Il est donc temps d’élargir le champ de la réflexion. Au-delà des succès indéniables obtenus sur le plan de la cybersécurité, au-delà des interpellations record et des lourdes peines prononcées, c’est une véritable politique de prévention et de réinsertion qu’il faut désormais construire. Les propositions formulées dès 2023 par les députés Koumagbéafidé et Gomina conservent toute leur actualité. Le gouvernement aurait tout intérêt à les reprendre à son compte et à les traduire en actions concrètes.

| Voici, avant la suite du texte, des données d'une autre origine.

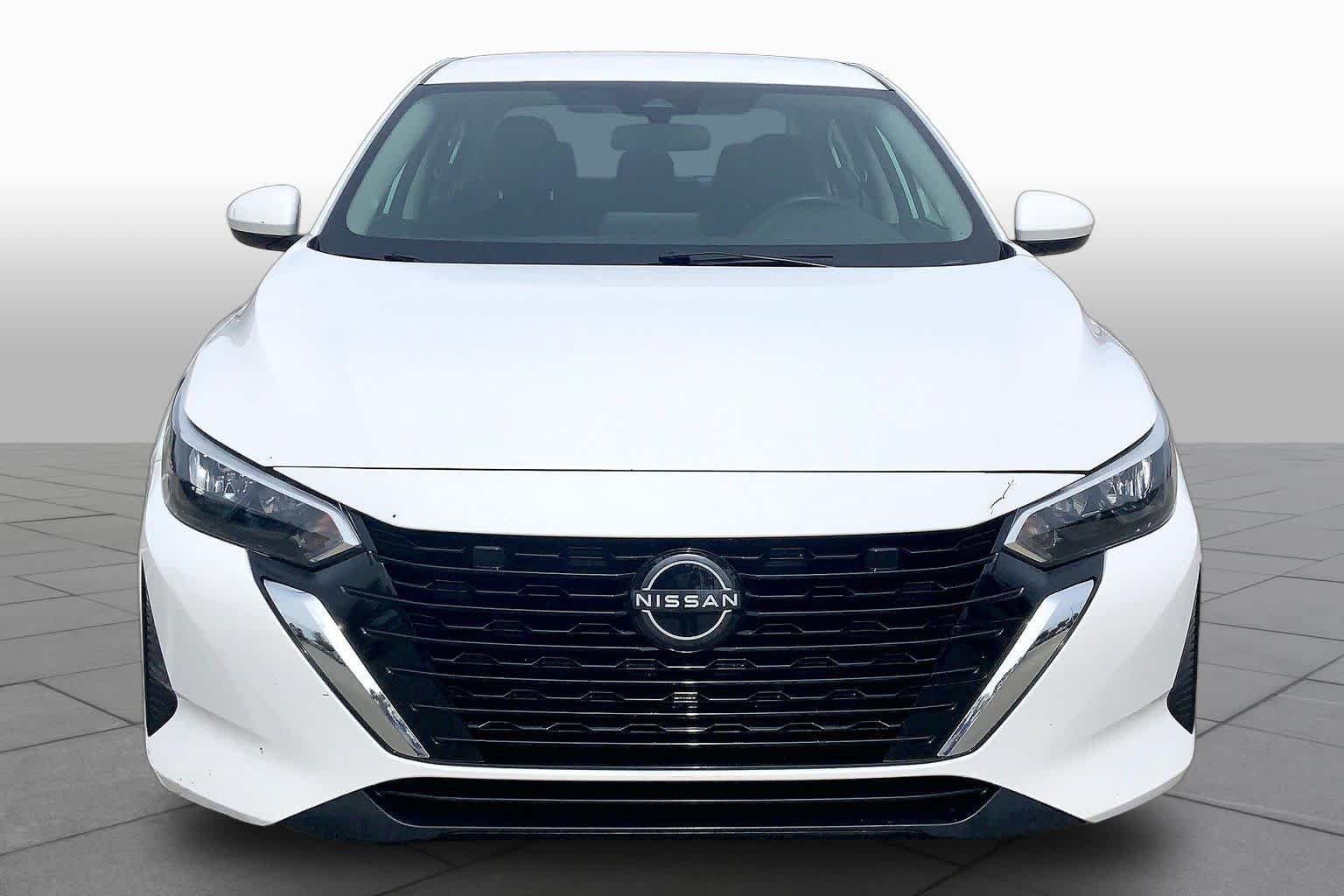 Used 2024 Fresh Powder Nissan SV image 4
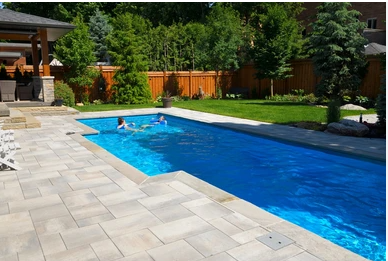 Advantages of choosing fiberglass swimming pool for home!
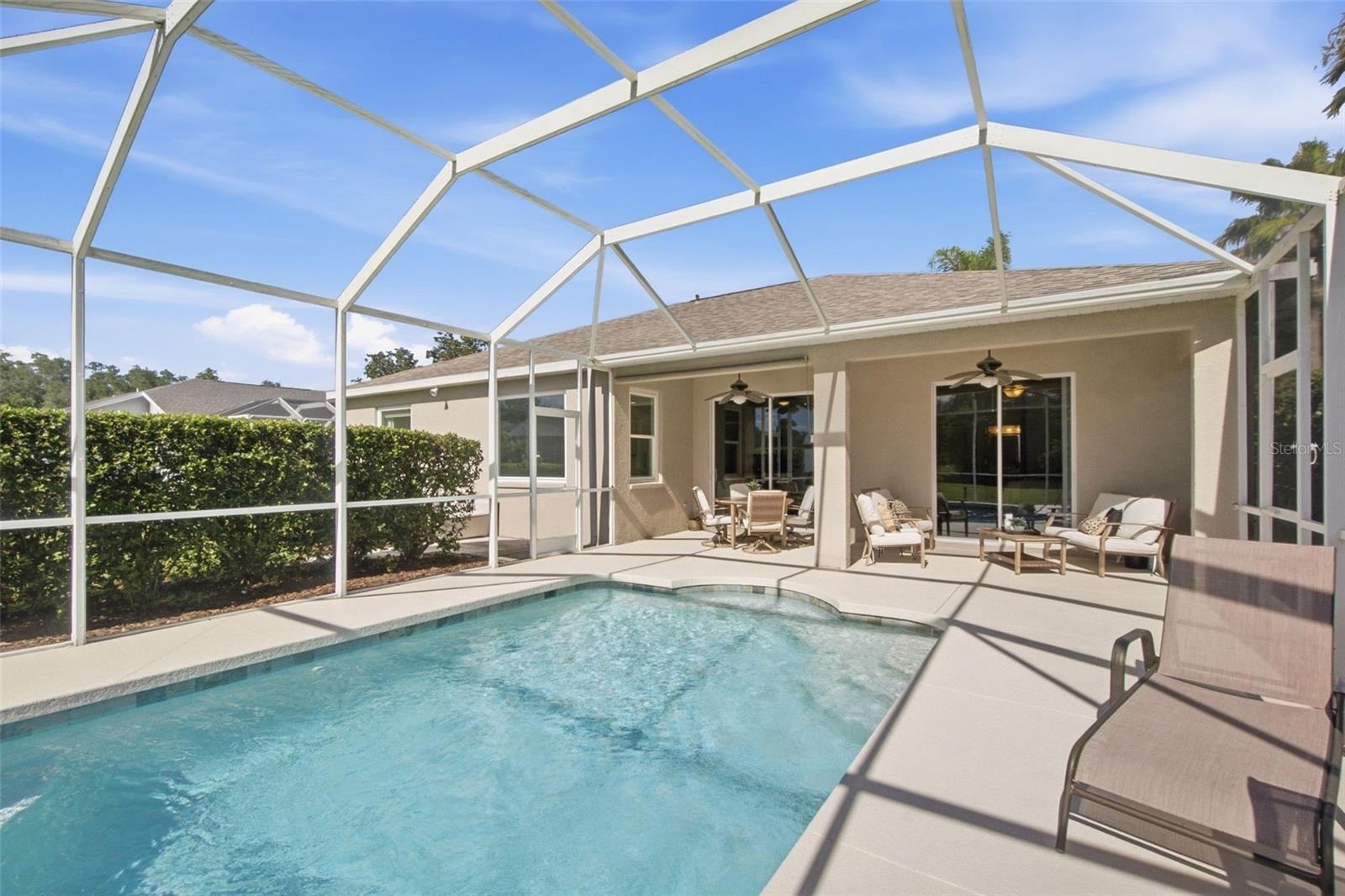 414 LONDONDERRY DR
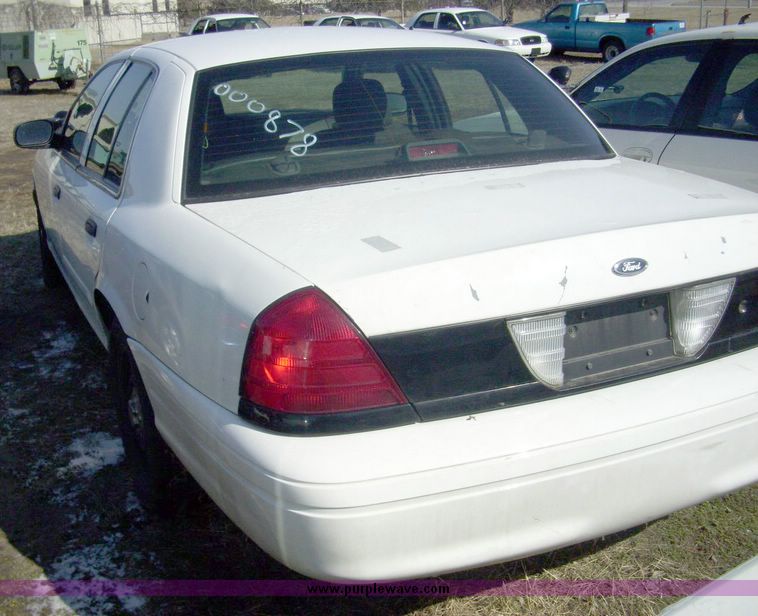 image for item 4643 2006 Ford Crown Victoria Police Interceptor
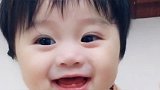 萌娃笑的特别甜，特别可爱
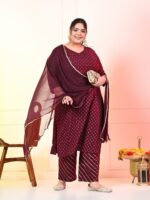 PrettyPlus by Desinoor.com Plus Size Ethnic Motifs Printed Kurta with Trousers & Dupatta - Image 6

Couper le mal à la racine, c’est offrir à chaque jeune Béninois une perspective d’avenir digne et épanouissante. C’est transformer les prédateurs numériques d’aujourd’hui en bâtisseurs du numérique de demain. C’est, en définitive, faire le choix exigeant mais payant d’une justice qui punit moins mais qui reconstruit davantage. Le Bénin, qui a su montrer sa capacité à progresser techniquement dans la lutte contre la cybercriminalité, saura-t-il désormais innover sur le plan humain et social ? La réponse à cette question déterminera sans doute l’efficacité réelle et durable de sa stratégie face à un fléau qui, comme tous les fléaux sociaux, résiste aux solutions trop simples et trop sévères.